Distance from the peak
In 2015, Bayer shares reached their historic high of around 140 euros. Currently, in November 2024, the share is trading at around 20 euros, which represents a decline of over 85%. On November 12, 2024 alone, the share price fell by 14.5%, approaching the 20 euro mark, the lowest level in 20 years.
Causes of the crash
Acquisition of Monsanto
The acquisition of the US agrochemical company Monsanto for 63 billion US dollars, completed in 2018, is considered the main cause of Bayer’s problems. Monsanto was already involved in numerous legal disputes before the acquisition, in particular over the weed killer glyphosate, which is suspected of being carcinogenic.
Legal disputes and financial burdens
After the acquisition, Bayer was faced with a flood of lawsuits. In the third quarter of 2024, the company recorded a net loss of 4.2 billion euros, mainly due to write-downs in the agricultural division.
Weakness in the agricultural business
Bayer had to lower its profit forecasts for 2024 and now expects EBITDA between 10.4 and 10.7 billion euros, compared to previous estimates of 10.7 to 11.3 billion euros. This adjustment is due to weaker developments in the agricultural market, especially in Latin America.
The role of GRC
The dramatic challenges Bayer AG is facing following the acquisition of Monsanto underscore the critical importance of effective GRC. More careful implementation and application of GRC processes could have helped Bayer avoid or at least mitigate the current problems. The following explains the specific areas where improved GRC processes would have been beneficial:
1. Thorough due diligence prior to the acquisition
Before the acquisition of Monsanto, a comprehensive due diligence should have been conducted, taking into account not only financial aspects but also legal and regulatory risks in particular. An in-depth analysis of existing and potential litigation related to glyphosate and other Monsanto products would have enabled Bayer to better assess the scope of the risks and make informed decisions.
2. Comprehensive risk management
A robust risk management system would have helped Bayer to identify, assess and take appropriate action on potential risks at an early stage. This includes developing scenario analyses for potential litigation and its financial impact, as well as implementing risk mitigation strategies.

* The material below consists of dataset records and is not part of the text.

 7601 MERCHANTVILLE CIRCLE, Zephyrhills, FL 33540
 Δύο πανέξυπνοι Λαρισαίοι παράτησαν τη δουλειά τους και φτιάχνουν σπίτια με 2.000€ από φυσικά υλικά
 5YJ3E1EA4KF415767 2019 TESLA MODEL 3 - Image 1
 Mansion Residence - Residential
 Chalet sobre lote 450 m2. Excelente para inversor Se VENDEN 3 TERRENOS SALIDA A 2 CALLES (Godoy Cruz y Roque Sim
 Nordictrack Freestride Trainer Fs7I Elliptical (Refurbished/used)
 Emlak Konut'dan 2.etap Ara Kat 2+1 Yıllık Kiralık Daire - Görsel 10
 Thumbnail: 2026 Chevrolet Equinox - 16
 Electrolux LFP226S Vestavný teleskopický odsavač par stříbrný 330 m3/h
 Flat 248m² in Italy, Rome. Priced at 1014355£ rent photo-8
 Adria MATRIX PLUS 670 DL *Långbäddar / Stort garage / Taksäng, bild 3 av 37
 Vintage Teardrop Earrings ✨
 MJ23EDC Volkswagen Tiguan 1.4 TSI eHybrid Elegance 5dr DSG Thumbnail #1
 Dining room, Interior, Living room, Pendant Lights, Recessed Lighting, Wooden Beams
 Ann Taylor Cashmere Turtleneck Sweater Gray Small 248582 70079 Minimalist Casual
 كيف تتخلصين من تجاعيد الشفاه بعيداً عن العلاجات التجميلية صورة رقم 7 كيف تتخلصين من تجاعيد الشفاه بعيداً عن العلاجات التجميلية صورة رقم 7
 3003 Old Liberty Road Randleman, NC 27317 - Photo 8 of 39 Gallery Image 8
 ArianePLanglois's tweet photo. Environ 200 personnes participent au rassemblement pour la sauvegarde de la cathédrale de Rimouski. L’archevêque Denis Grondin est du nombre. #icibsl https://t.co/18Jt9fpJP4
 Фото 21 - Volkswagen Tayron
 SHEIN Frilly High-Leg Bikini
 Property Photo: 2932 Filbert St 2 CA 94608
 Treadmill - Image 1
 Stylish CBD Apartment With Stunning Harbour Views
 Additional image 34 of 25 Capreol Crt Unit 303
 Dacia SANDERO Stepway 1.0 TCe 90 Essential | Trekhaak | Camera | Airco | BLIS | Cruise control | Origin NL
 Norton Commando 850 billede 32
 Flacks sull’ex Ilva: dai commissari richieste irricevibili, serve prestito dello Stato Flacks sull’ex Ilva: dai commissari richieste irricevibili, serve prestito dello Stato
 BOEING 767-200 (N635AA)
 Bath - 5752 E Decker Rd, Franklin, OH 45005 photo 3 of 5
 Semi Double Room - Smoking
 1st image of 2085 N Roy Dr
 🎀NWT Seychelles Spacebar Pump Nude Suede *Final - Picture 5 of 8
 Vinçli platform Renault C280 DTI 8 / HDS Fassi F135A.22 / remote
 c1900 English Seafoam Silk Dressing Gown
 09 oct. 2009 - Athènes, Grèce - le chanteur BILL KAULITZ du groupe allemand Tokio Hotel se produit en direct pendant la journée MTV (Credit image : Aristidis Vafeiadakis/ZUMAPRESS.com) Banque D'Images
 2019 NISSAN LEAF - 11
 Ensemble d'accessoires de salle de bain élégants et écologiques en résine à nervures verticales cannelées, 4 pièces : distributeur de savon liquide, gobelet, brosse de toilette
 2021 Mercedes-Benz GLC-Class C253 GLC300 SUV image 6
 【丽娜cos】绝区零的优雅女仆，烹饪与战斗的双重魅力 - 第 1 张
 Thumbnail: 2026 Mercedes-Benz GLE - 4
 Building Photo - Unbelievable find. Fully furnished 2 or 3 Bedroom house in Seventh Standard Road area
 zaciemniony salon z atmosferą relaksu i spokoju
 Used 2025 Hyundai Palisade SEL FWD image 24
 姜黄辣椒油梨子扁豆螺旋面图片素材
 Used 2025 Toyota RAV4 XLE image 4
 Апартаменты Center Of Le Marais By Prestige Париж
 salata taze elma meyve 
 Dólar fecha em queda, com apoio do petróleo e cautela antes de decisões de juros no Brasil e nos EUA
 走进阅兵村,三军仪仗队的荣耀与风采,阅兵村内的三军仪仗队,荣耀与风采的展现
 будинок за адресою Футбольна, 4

3. Strengthening the compliance culture
A strong compliance culture within the company could have ensured that all business activities were in line with legal requirements and ethical standards. This would not only have strengthened stakeholder trust, but also reduced the risk of litigation and reputational damage.
4. Effective corporate governance
Transparent and responsible corporate governance would have helped ensure that strategic decisions, such as the acquisition of Monsanto, were made taking into account all relevant risks and stakeholder interests. This might have led to a more critical assessment of the acquisition.
5. Continuous monitoring and adjustment
After the acquisition, continuous monitoring of the integration and the associated risks would have been essential. Through regular reviews and adjustments of strategies, Bayer would have been able to respond flexibly to challenges that arose.
Conclusion
The dramatic fall in Bayer’s share price is the result of a combination of strategic mistakes, inadequate risk management and a lack of compliance. A robust GRC system could have helped to identify these risks early on and take appropriate countermeasures. For Bayer and other companies, this is an important lesson about the importance of governance, risk and compliance management for long-term success. The implementation and consistent application of improved GRC processes would have helped Bayer to better manage the risks associated with the Monsanto takeover and avoid or at least mitigate the current challenges.